3. Using a fine mesh sieve, strain the custard mixture to remove any small clumps. After straining, blend in the vanilla extract.
4. Pour mixture into six ramekins (can vary based on size of ramekin) until each is almost full. Place the ramekins in a baking pan (13x9 or larger). Pour boiling water into the pan until the water level is halfway up the sides of the ramekins (be careful not to get water into the custard). Cook in a preheated 250 degree oven for about one hour.
5. After an hour, check for doneness. They should be set on the outside edge but slightly jiggly at the center. Use rubber-tipped tongs to gently pick up and shake a ramekin for the test. If not set at all, return to the oven for 5-10 min. Remove from water bath and let them cool on a rack to room temperature (they will continue cooking a bit after removing from oven).
6. Wrap the custards in their ramekins in plastic wrap and refrigerate - at least two hours, or overnight.
7. About an hour before serving, remove plastic wrap and use a paper towel to gently soak up any moisture that may have extruded from the custard tops.
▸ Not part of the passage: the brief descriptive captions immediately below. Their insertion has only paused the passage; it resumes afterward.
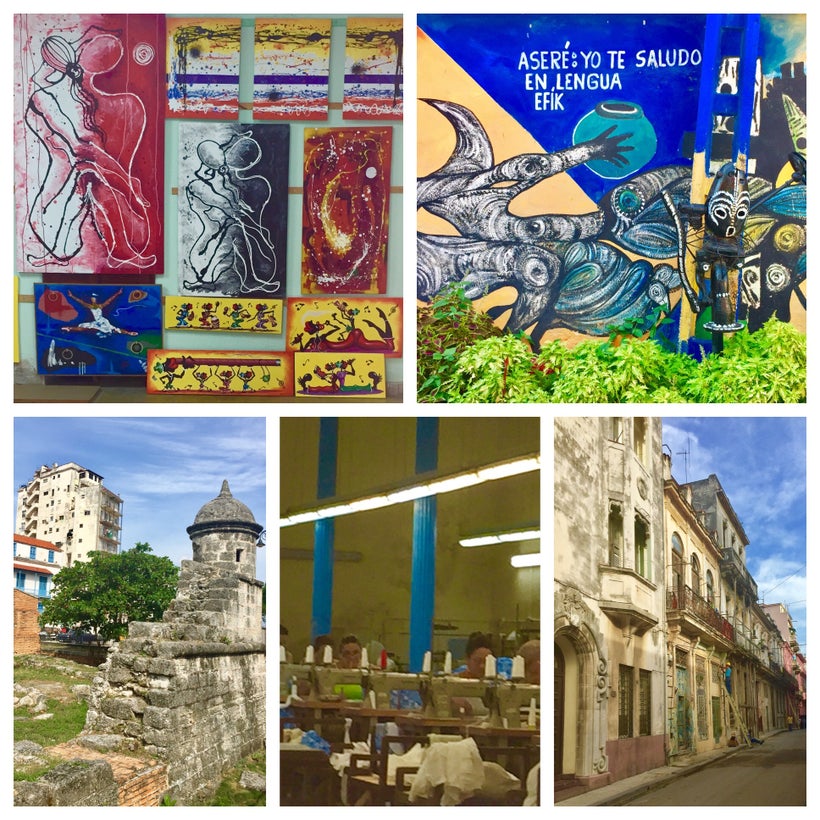 Havana, Cuba
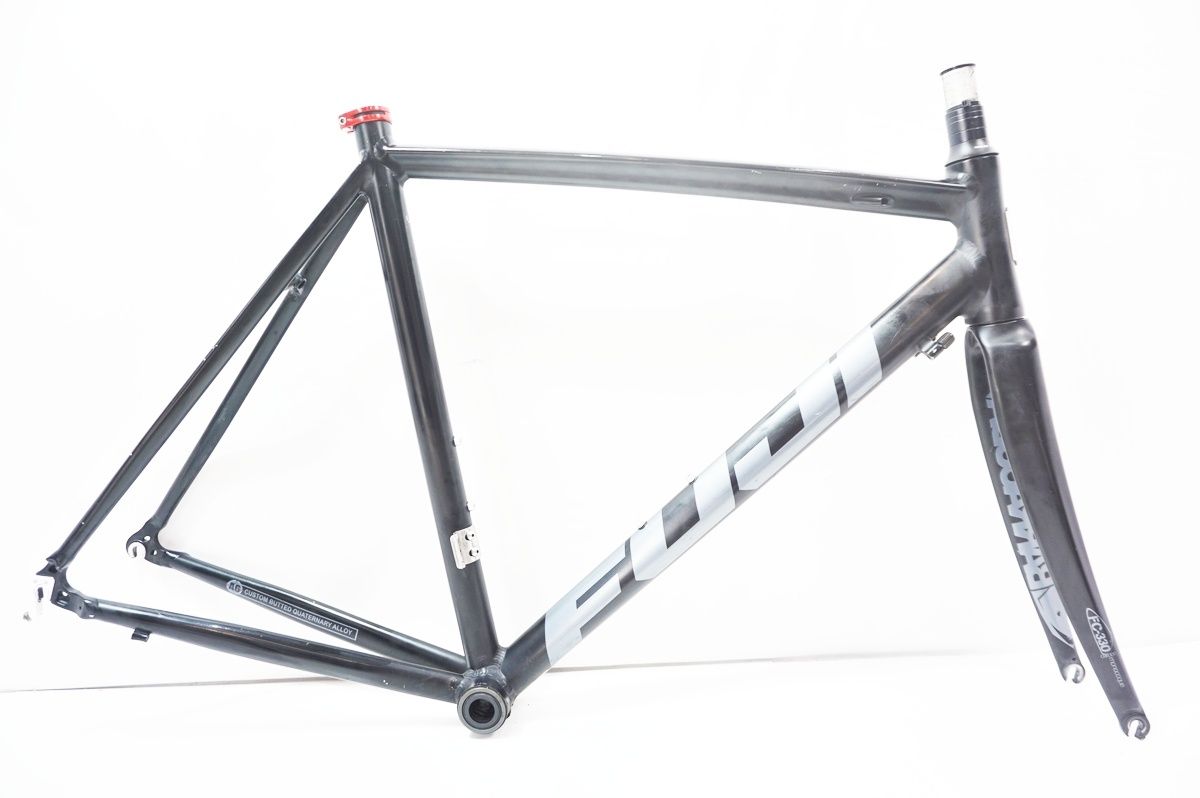 FUJI フジ 2012年モデル フレームセット バイ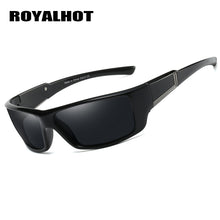 Load image into Gallery viewer, RoyalMen Women Polarized Vintage Sports Sunglasses Vintage Sun Glasses Retro Eyewear Shades Oculos Male 900193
Sprinkle a teaspoon of turbinado (Sugar in the Raw) sugar over the top of each custard. Tilt the ramekin and gently shake so sugar evenly covers the surface.
8. Prepare for torching: Use silicon or other heavy hot pads, place a cooling rack on a large cookie sheet, then cover it in heavy duty foil.
9. Using a kitchen butane torch, heat the sugar until it bubbles and changes color. Take your time moving from one side to the other until all the sugar changes to golden brown.
10. You can either serve immediately, or refrigerate for up to 45 minutes. After that, the caramelized sugar will begin to soften and dissolve.
If you want more detailed instructions, including step by step photographs, go to: http://www.cookingforengineers.com/recipe/32/Creme-Brulee-Crme-Brle.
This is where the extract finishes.